We always want our child to grow up the most talented and intelligent one. We expect the child to be broad-minded. Therefore, parents often send their children to various extracurricular classes and schools, including music schools. But how do you know whether the choice was made correctly?


Of course, not all children have an impeccable ear for music and a perfect voice. Most often it does not affect the decision of the parents to send their children to a music school. And the answer to the question why it happens is on the surface. The child really needs primary music education! And there are 11 reasons to support this statement:

11 Pros of Music Education for Kids

  1. The child learns to understand beauty because sounds are the first thing he/she faces before birth. Through practicing the child can learn to listen to and hear beauty.
  2. Music lessons help develop memory because your child has to strain the memory all the time to memorize something during lessons and while doing homework, play by ear, learn musical notation and so on.
  3. The child develops all the available capacities harmoniously. Certainly, some children have more abilities, while others are less capable, but in any case they can study music. Purposeful work on the development of abilities will necessarily produce results.
  4. A music school will teach the child to work, allocate his/her time, enjoy the seemingly forced labor, and set goals, while hard work and the ability to adapt will be very useful in life.
  5. Thanks to the music school, the child will develop taste, will ascend to a new cultural level and learn to distinguish rights from wrongs, not only in the field of music, but also in cinematography, literature, and art.
  6. Good classical music develops kindness and affection in the child. Even pregnant women are advised to listen to the classical music. Children will find such music even more useful.
  7. Music lessons help develop hearing.
  8. It is believed that a child with a well-developed hearing finds it much easier to learn a foreign language.
  9. Music has a positive influence on the development of intelligence in general.
  10. Music lessons are useful for little kids because they develop fine motor skills. After all, one must coordinate his/her movements very clearly to press the keys or clamp the flute holes.
  11. The children involved in music from an early age are more sociable. They are not afraid of public speaking and are not afraid to start a dialogue with peers. They are more optimistic and friendly.

5 Cons of Teaching Children Musical Instruments

But there is a downside as well. We have selected 5 reasons why music schools may not be the best idea for your child.

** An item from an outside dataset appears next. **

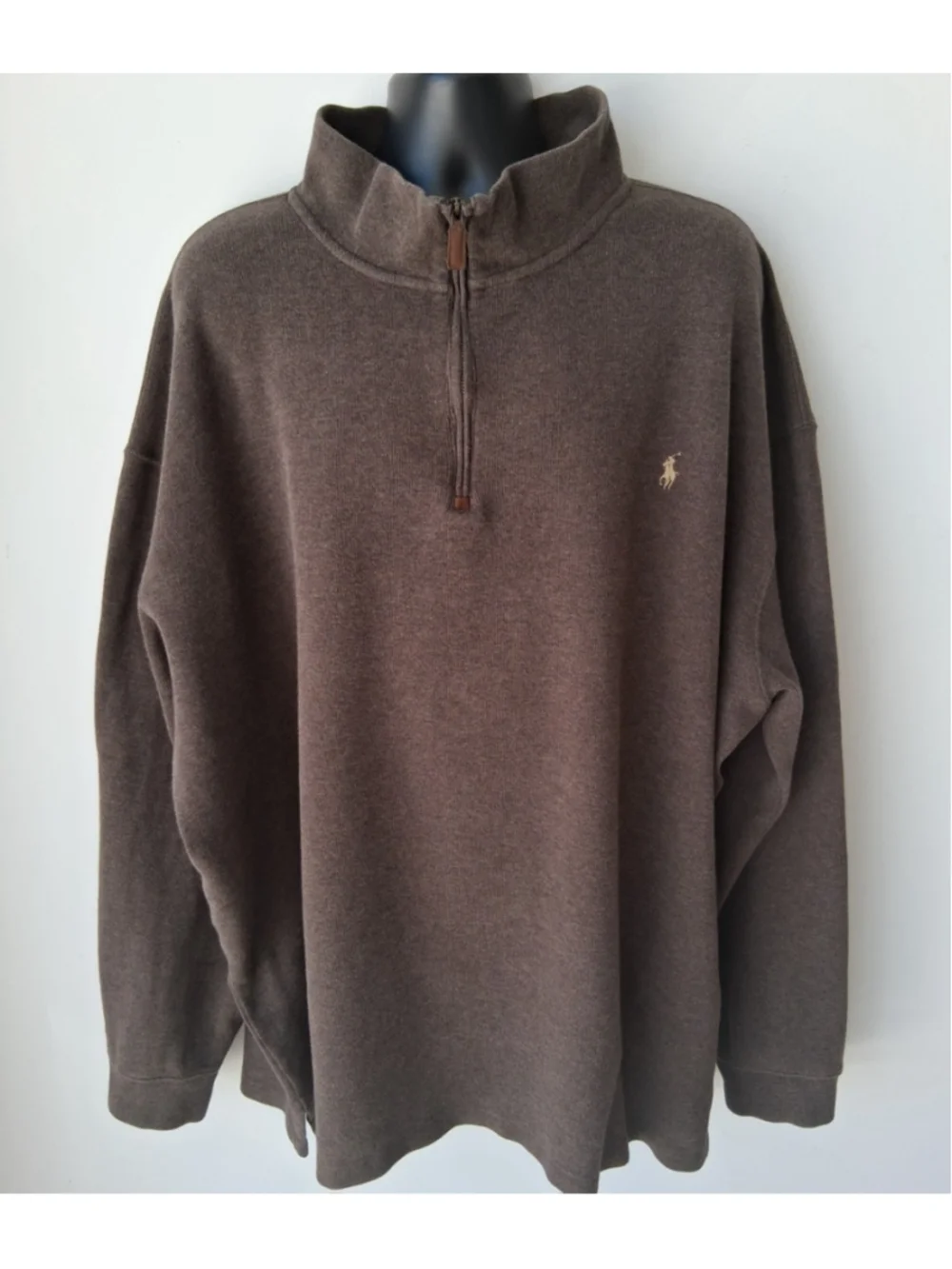 Vintage 90s Polo Ralph Lauren Men's 4XLT Sweater 1/4 Zip Brown Cotton Sweatshirt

  1. The child may categorically dislike visiting classes: he/she is not interested or involved in the process and is generally dreaming of becoming a football player or a famous figure skater. In this case, compulsion will not help achieve the desired result.
  2. Children often do not connect their lives with a musical career, so many of them will think such classes interfere with the normal childhood, when they want to run in the yard, climb trees, hang out with friends, instead of sitting all day long at the piano.
  3. Paying for the lessons and buying musical instruments can cause a severe blow to the family budget.
  4. Sometimes public performances that are planned during the training are inevitable and thus cause panic attacks in the child. In this case, it makes sense to undergo psychological assistance. After this, you can start thinking about music lessons.
  5. If you choose the wrong direction, it may forever prevent your child from loving music. For example, if a child wants to play the guitar or to be a rock band singer, piano lessons and Chopin’s music will hardly seem delightful.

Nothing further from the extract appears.